Le tribunal avait aussi prononcé une peine de 20 ans de prison contre 6 prévenus, et une peine allant de 3 à 10 ans contre 23 mis en cause, tandis que 27 autres bénéficiaient d’un acquittement dans la même affaire.
Beaucoup de zones d’ombres entourent cette affaire survenue alors que la Kabylie était en proie à des incendies meurtriers. Dès le départ, les autorités et leurs relais ont accusé le Mouvement pour l’autodétermination de la Kabylie d’être derrière non seulement les incendies mais aussi ont accusé des prévenus qui seraient du MAK de cet ignoble assassinat.
Aussi, au cours de l’audience, l’un des prévenus dans cette affaire a avoué son appartenance au Mouvement pour l’autodétermination de la Kabylie (MAK), que les autorités qualifient de « mouvement terroriste », après que le président du tribunal l’ait confronté avec les éléments contenus dans l’enquête des services de sécurité.
Lors de son interrogatoire, l’accusé (M.M.A.) a révélé qu’il avait été membre du MAK pendant 4 ans, entre 2012 et 2016, avant de se retirer parce qu’il n’était pas convaincu de des idées propagées par ce mouvement. C’est alors que le ministère public interviendra pour l’interroger au sujet de ses contacts avec un certain nombre d’accusés, car il était un « membre actif » du mouvement et les a invités à organiser des marches.
Il convient de noter que le dossier comprenait 94 prévenus. De lourdes charges ont été retenues contre eux par le procureur de la République près le tribunal de Sidi M’hamed ont été inculpés d’appartenance à une « organisation terroriste », d’atteinte à la sûreté de l’Etat, d’actes intentionnels de sabotage portant atteinte à la sécurité de l’Etat, meurtre avec préméditation, agression physique et incitation à celle-ci, encouragement à une organisation terroriste, abus et incendie de cadavres, assaut du commissariat de police, violation de la sécurité.
Des charges particulièrement lourdes qui destinaient les accusés à la condamnation à mort.
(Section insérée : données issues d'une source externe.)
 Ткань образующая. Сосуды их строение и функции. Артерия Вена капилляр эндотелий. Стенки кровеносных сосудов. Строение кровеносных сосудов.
Le prononcé était saisissant non seulement par sa sévérité mais aussi la célérité avec laquelle a été traitée cette grave affaire.
La Direction générale de la sûreté nationale a indiqué dans un communiqué que ses services compétents ont pu, grâce aux technologies modernes, récupérer le téléphone portable appartenant à la victime qui a été assassinée de manière crapuleuse dans la commune de mercredi Nath Erathen.
La télévision publique algérienne a publié les « aveux » de certains des acteurs impliqués dans l’assassinat de Djamal Bensmail, sur leur affiliation au MAK et leur participation à ce crime, et a révélé les détails de ce crime qui a secoué l’opinion publique du pays. Cependant, quand on sait comment fonctionne la justice dans notre pays, il y a lieu de prendre beaucoup de recul sur ces « aveux » et la manière avec laquelle ils ont été obtenus.
Un procès « politique et expéditif », pour la défense
Les condamnations par le tribunal de Dar El Beida avaient provoqué émoi et consternation au sein de large pans de l’opinion. Les organisations de défense des droits de l’homme ont vivement protesté, réclamant sa révision. La défense, quant à elle, s’était élevée contre le caractère politique et expéditif du procès.
Beaucoup d’observateurs avaient décelé un montage politico-securiaire dans l’affaire de feu Djamel Bensmaïl intervenue en plein tourmente des incendies ravageurs dune bonne partie des villages de hautes Kabylie.
La conviction était établie chez bon nombre d’Algériens que le jeune volontaire de Méliana venu aider à l’effort de solidarité nationale en faveur des citoyens de Larbaa Nath Irathen et d’autres communes de Kabylie à été sacrifié sur l’autel d’intrigues visant à mettre un terme au mouvement de protestation citoyenne qui a atteint son apogée à, l’époque, notamment en Kabylie.
Les circonstances de sa mort interroge surtout quand on sait que la victime était dans un véhicule de police avant que des individus le saisissent et l’extraient sous le regard des policiers qui n’avaient pas opposé quelque résistance. Son assassinat a été filmé et largement partagé sur les réseaux sociaux. Un crime qui a jeté l’effroi au sein de la population algérienne en général et la Kabylie en particulier.